The firm bumped the audio streaming service to sell from neutral on concerns about its pivot to podcasts, according to CNBC Pro.
“Among four subscription based stocks – Spotify, Roku (NASDAQ:ROKU), Netflix (NASDAQ:NFLX) and SiriusXM – Spotify is the only firm where the Street’s long-term forecasts (through 2023) do not comport to the prevailing valuation," Citi said. "We suspect this disconnect stems from recent enthusiasm around Spotify’s recent podcast pivot.”
Shares of Spotify have about doubled since going public in 2018.
“The cadence of Premium gross additions (through 3Q20) and app download data (through 4Q20) do not show any material benefit from recent podcast investments (that began in 2019),” CNBC Pro reported Citi as saying in a note.
Spotify acquired podcast companies Gimlet Media, Anchor and Parcast about two years ago, as well as sports and entertainment news companies The Ringer and Megaphone. It also has exclusive rights to stream celebrity podcasts, including those from Kim Kardashian West, Michelle Obama and the Duke and Duchess of Sussex, CNBC Pro reported.
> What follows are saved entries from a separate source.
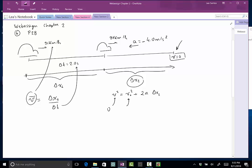V final is 0 because we finally stopped. V initial is that 91 kilometers per hour because up to that point we had not slowed down. The acceleration is that minus 4 meters per second squared, and then we'll find delta x.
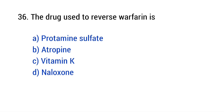Question number 36: The drug used to reverse warfarin is? The right answer is option C — Vitamin K.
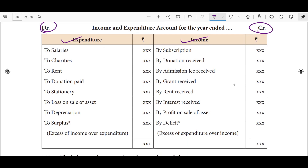On the expenditure side, for a non-profit organization we have to look at salaries — we have to pay money. We also include charities, rent, and donation paid.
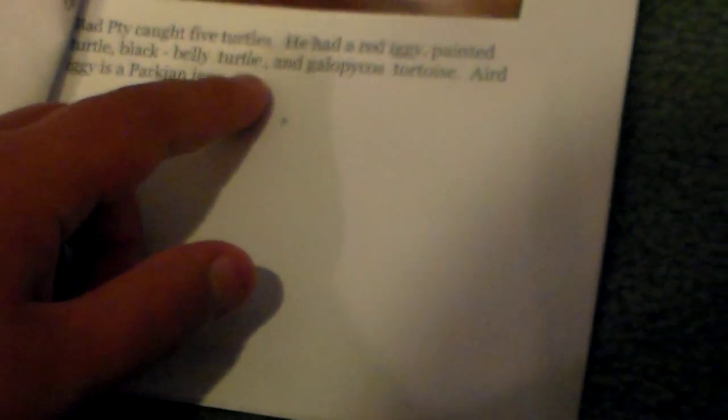Eric D. Iggy, a bad guy named Dad Pity had checked Eric D. Iggy. Dad Pity checked four turtles. He did a red eggy, a peon turtle, a blackback turtle, and I got both tourists. Eardy eggy is a parking eggy. Eardy eggy saved all the turtles.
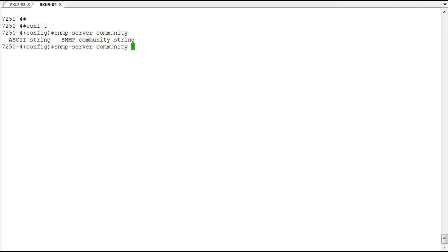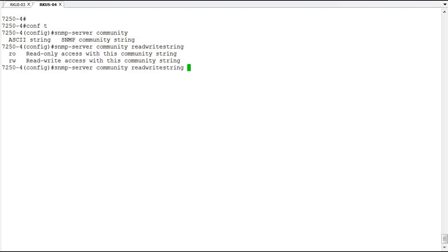We'll go with read-write string as our string. That's the ASCII string that will be passed for access to the switch to perform a function. Those functions that are available to you are read-only access using the community string or read-write access with the community string. This is a read-write string so we're going to make it the read-write access.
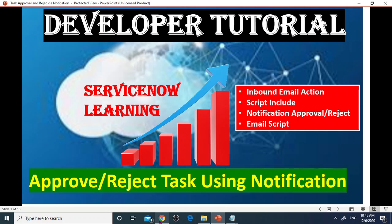Hi, this is Jayezy's ServiceNow Development Tutorial for HR Case Approval Reject Using Email Notifications.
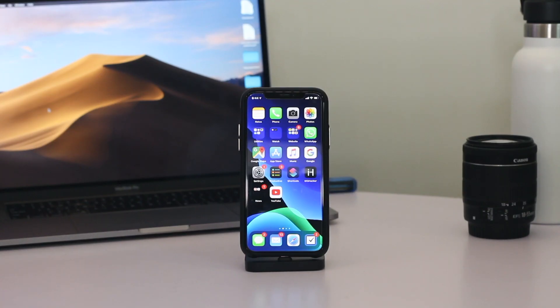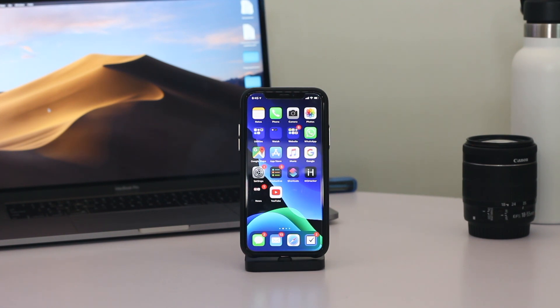What's up guys, this is Zeb for iOS Hacker with another exciting iOS 13 video. In this video, we are going to show you how you can delete apps in iOS 13 and iPadOS 13.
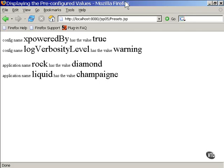This is a display of the page created by this JSP. The top two lines show a couple of values that are predefined and are available through the config object. The bottom two lines show the property values that were defined and included as part of the XML deployment code.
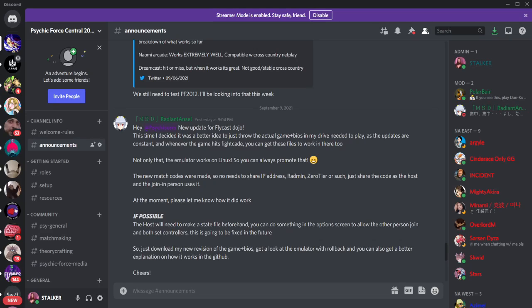Hey guys, it is Stalker, and I wanted to do this at least once a week until we have a functioning rollback with Psychic Force 2012.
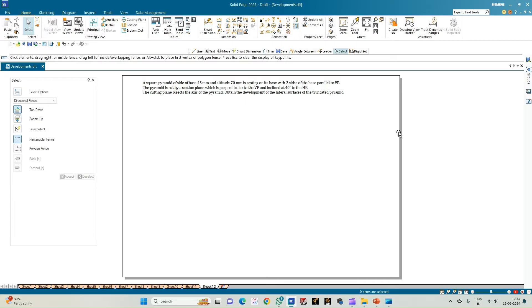Welcome to Mekhi's Study Circle channel. In this video we shall see how to do the computer drafting of the development of the lateral surfaces of the solids using the Solid Edge software.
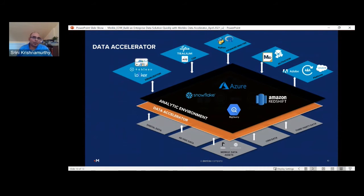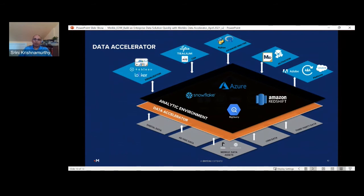To close this out, we are able to integrate that analytic environment with data visualization tools like Tableau, CDPs like Lytics and ActionIQ, and enable R or Python for advanced analytics. You could also integrate with Merkle's publisher platform or marketing platforms like Adobe or Salesforce.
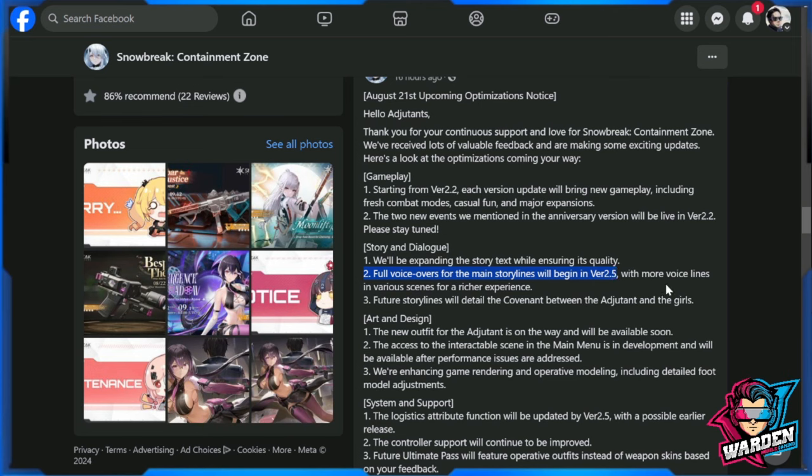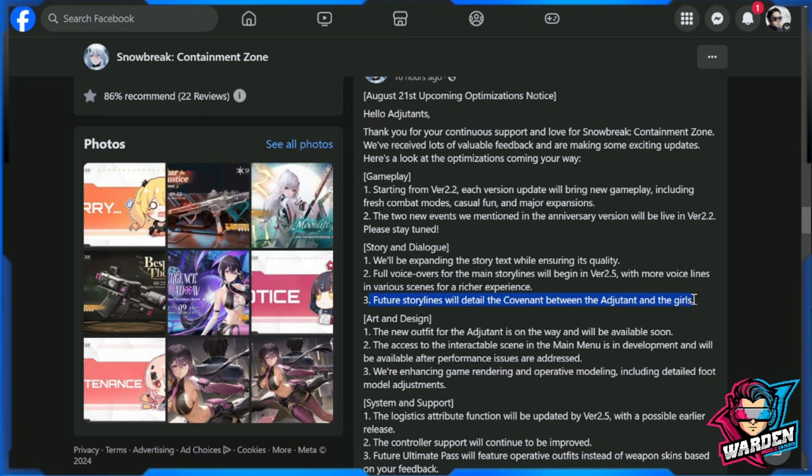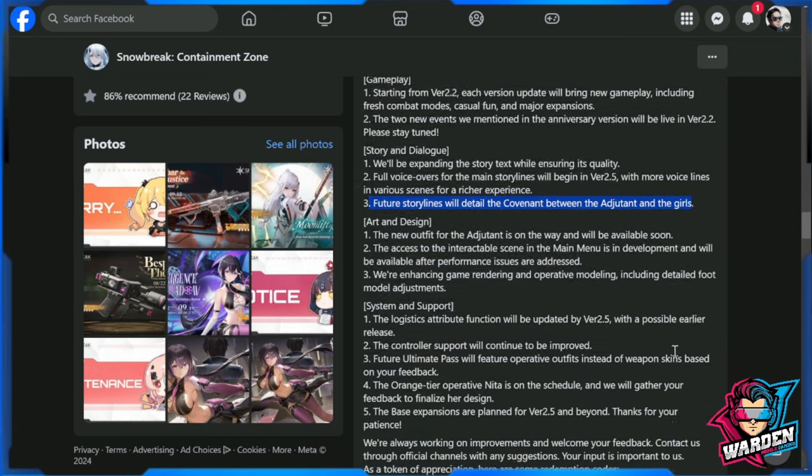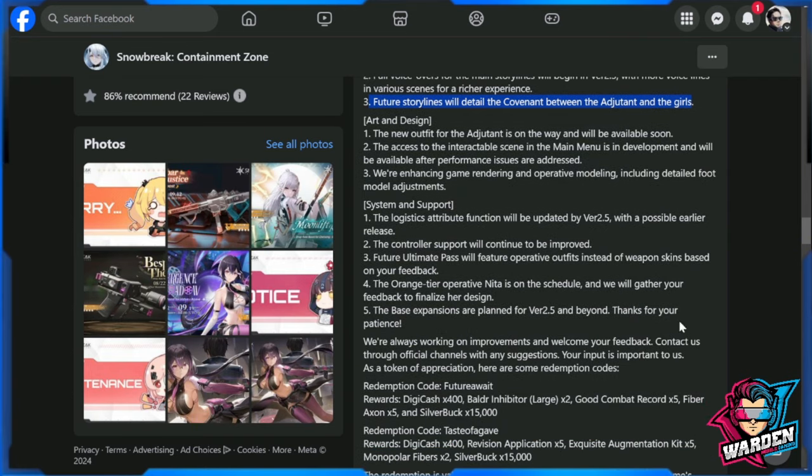Future storylines will detail the covenant between adjutant and the girls. Take note guys, it's called girls—it's not between Lyfe and Fenny, so there might be more covenants in play here. Watch out for that. I do hope so; this will be chaos actually in the dorm.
“If we were to see a material positive inflection in app downloads or Premium subs (from higher gross adds or materially lower churn), we would alter our view,” Citi said. “But, our fear is that if podcasting doesn’t provide a way for Spotify to shift away from music label dependence, the Street may reassess the underlying value of the business. And, that would be bad for Spotify’s multiple and equity value.”
Spotify has also struggled to produce consistent profits, with losses per share outweighing gains, according to data compiled by Investing.com. That said, revenue has been inching higher over the quarters, and is expected to bust through $2 billion for the three months ended in December.
Spotify is scheduled to report earnings on Feb. 3.